Obviously, it wasn't as hypothetical as it may have sounded -- I needed a voice of reason in that moment, someone to tell me what to do. I knew that it wasn't an easily answered question. If it was, I probably could have figured it out on my own by then. After all, this "crisis" had begun about six weeks ago, when I picked up a book called "30-Second Religion." The premise of the book is to explain each major world religion through a 30-second reading. The book intrigued me; I was surprised to read about the similarities between many distinct beliefs. Almost all acknowledge a higher being, a sense of good that humans should strive for, and an effort to understand the surrounding world. Granted, some religions seemed pretty far out there, but I knew even to other Christians around the world, Western religious practices seem nonsensical. I desired to know more, and my search began.
You don't have to look far to find other perspectives. Even within Christianity there are countless denominations, some divided over small differences, others separated because of serious theological disputes. But it seemed that most of my life, I was content with believing whatever was taught to me. I didn't ask many questions, but maybe I just didn't know the right questions to ask. I've heard it said that looking for answers will often lead to more questions. But could that be a form of laziness, not wanting to seek for fear of finding out we were wrong about something? Maybe something our parents taught us our whole lives, or something we've always assumed to be true? I'll admit, it was somewhat easier to eat what was fed to me, to take at face value what I heard from Christian radio, from my private-school teachers, and from my pastors at church.
I'm in no way saying that any of those sources purposely deceived me. But they are secondhand sources, and human, right? I read the Bible through for the first time last year. Seems like I would've done it sooner as I've professed, basically all my life, to believe what's in the book. But until I read it for myself, I didn't know all that it said, and all that it didn't.
This semester, I'm in a Christian Theology class. For the first time in my life, I was told why the Catholic Bible contains more books than the Protestant Bible. So I've started reading the Apocrypha. I'm reading a lot of the Qur'an for another class. "Love Wins" by Rob Bell was described to me as a very heretical book, but reading it for myself was completely different than the descriptions I'd heard. "The Kingdom of God Is Within You" by Leo Tolstoy is another read that has really challenged me with its unorthodox musings.
Some who I've described my recent journey to have been very supportive.

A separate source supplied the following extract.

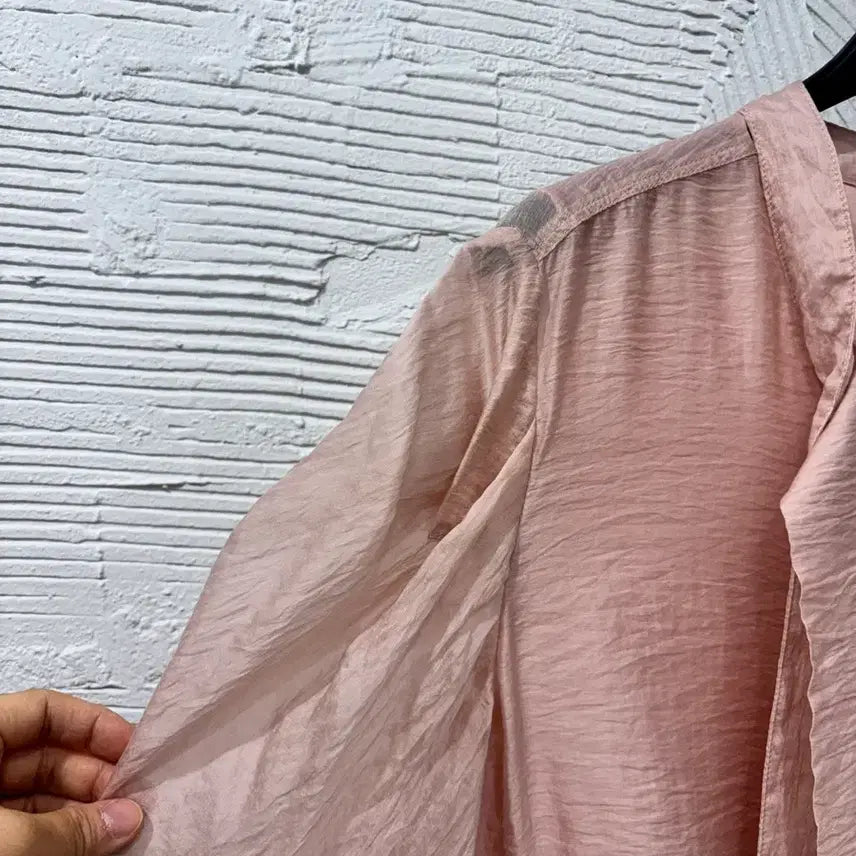 [BUNJANG] Line Puff Sleeve Blouse / 라인 퍼프소매 블라우스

Others warn me about going too far, seemingly fearing that I will lose my faith completely. The latter have a somewhat valid warning: I've been more doubtful than I have in a long time. But I believe this: If God wants us to seek him, and he is the Truth, then my searching will lead to him.

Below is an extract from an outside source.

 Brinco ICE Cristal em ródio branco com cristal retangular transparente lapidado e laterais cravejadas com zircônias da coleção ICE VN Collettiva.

As I walked away from Denny's that late night, I came up to a pair of deer on the side of the road. I stood a mere 20 feet from them, and they looked at me hesitantly. But I remained completely still, and they eventually went back to their foraging. Amid the trash-strewn mud, cleared of trees to make room for real-estate and IRS-relief signs, was a glimpse of the untainted beauty that still exists in a confused world. It was enough inspiration for me to think back, and agree to, my friend's advice about my crisis:
"Whatever you do, don't stop searching."